About this exercise
Exactly the lines from the one containing "Batiste Eden Bloom" through the end of the data, and nothing more, should be retyped; pictures stay out.

Captioned web images:
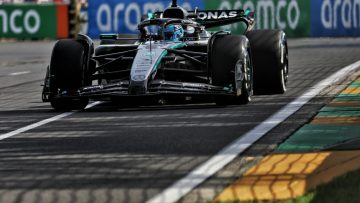 George Russell puzzled by strange Mercedes behaviour in Australia practice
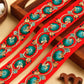 Red Floral Embroidered Trim (9 Mtrs)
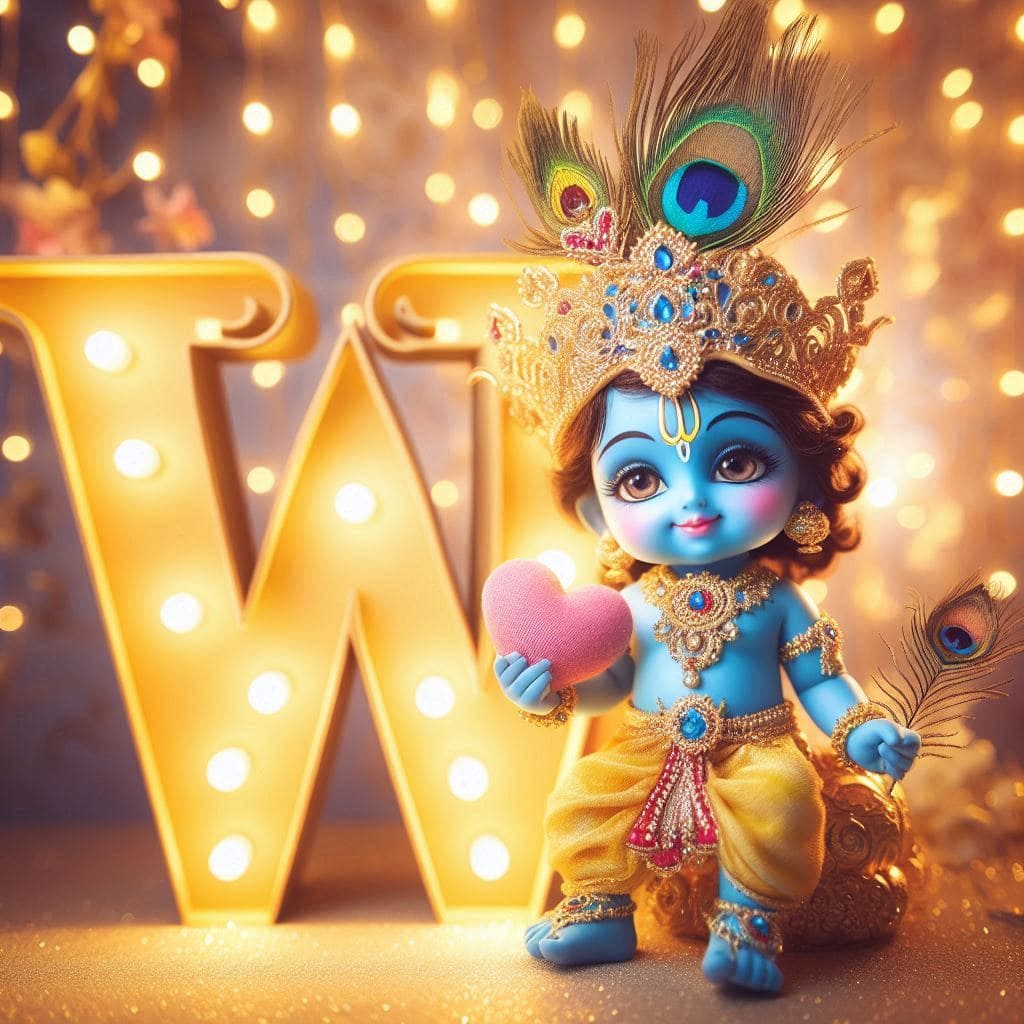 Krishna Janmashtami First Letter 3D Name Ai Image Free 76 Krishna janmashtami dp images hd download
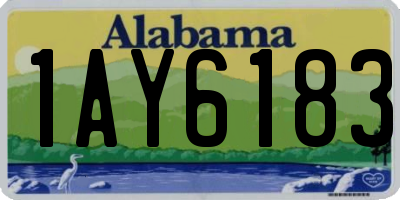 AL license plate 1AY6183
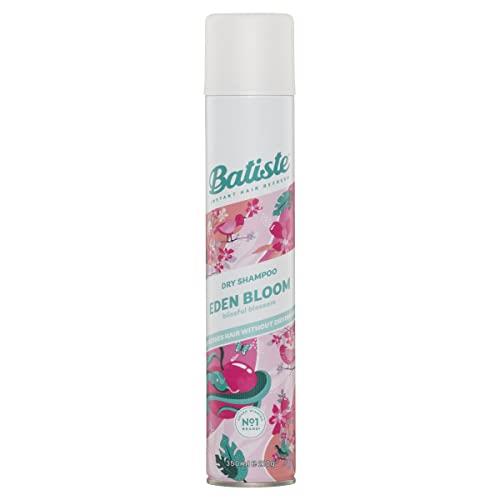 Batiste Eden Bloom Dry Shampoo - Blossom & Floral Scent - Quick Refresh for All Hair Types - Revitalises Oily Hair - Hair Care - Hair & Beauty Products - 350ml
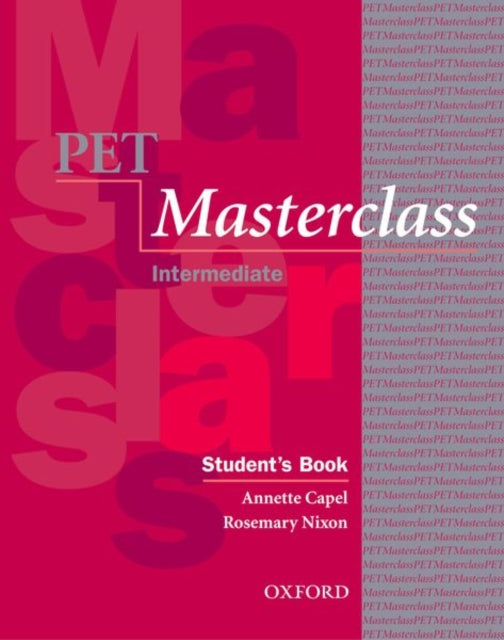 Book cover of: PET Masterclass:: Student's Book and Introduction to PET pack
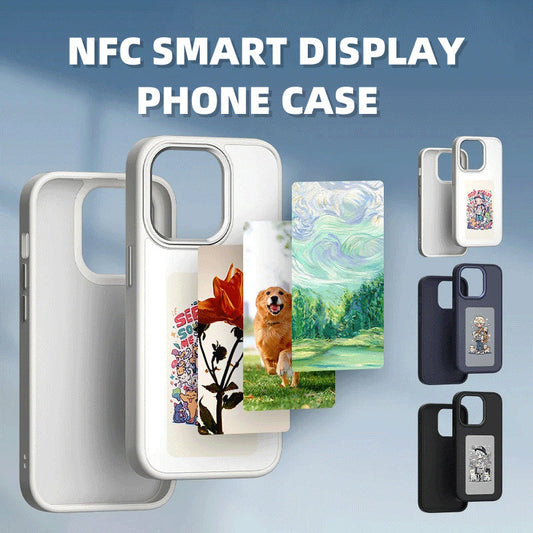 E-ink Screen Phone Case Unlimited Screen Projection Personalized Phone Cover Battery Free New Designer Luxury Phone Case - NOMAN STORE LLC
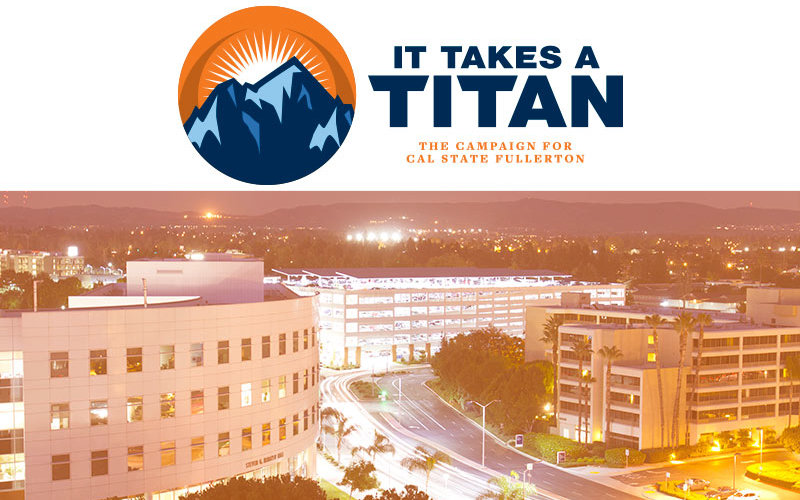 It Takes a Titan Campaign art with campus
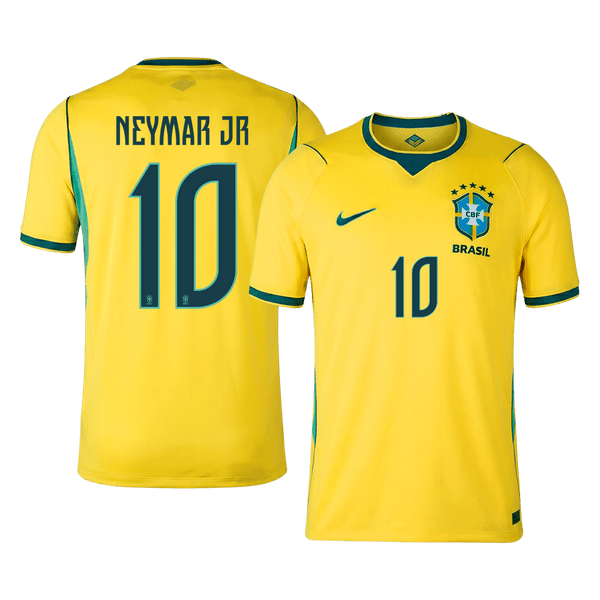 NEYMAR JR. #10 Brazil Home Soccer Jersey World Cup 2026 Yellow - yellow front view - SmartJerseys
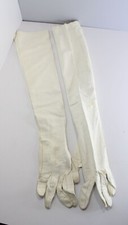 Antique Gant Chanut Kid Opera Gloves Kidd White Size 6 1/2 France 77401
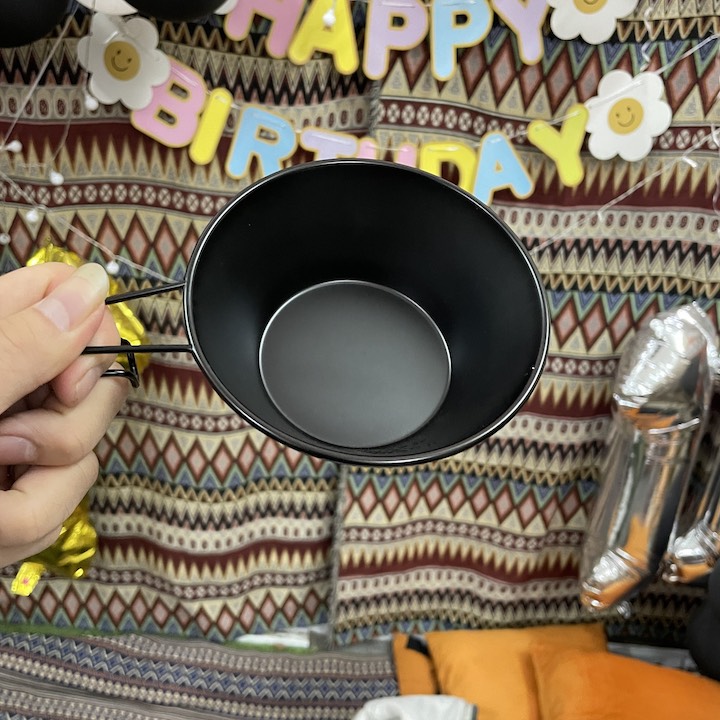 BÁT ĂN CƠM CAMPINGMOON BKS-220 - MÀU ĐEN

Result
 Batiste Eden Bloom Dry Shampoo - Blossom & Floral Scent - Quick Refresh for All Hair Types - Revitalises Oily Hair - Hair Care - Hair & Beauty Products - 350ml
 Book cover of: PET Masterclass:: Student's Book and Introduction to PET pack
 E-ink Screen Phone Case Unlimited Screen Projection Personalized Phone Cover Battery Free New Designer Luxury Phone Case - NOMAN STORE LLC
 It Takes a Titan Campaign art with campus
 NEYMAR JR. #10 Brazil Home Soccer Jersey World Cup 2026 Yellow - yellow front view - SmartJerseys
 Antique Gant Chanut Kid Opera Gloves Kidd White Size 6 1/2 France 77401
 BÁT ĂN CƠM CAMPINGMOON BKS-220 - MÀU ĐEN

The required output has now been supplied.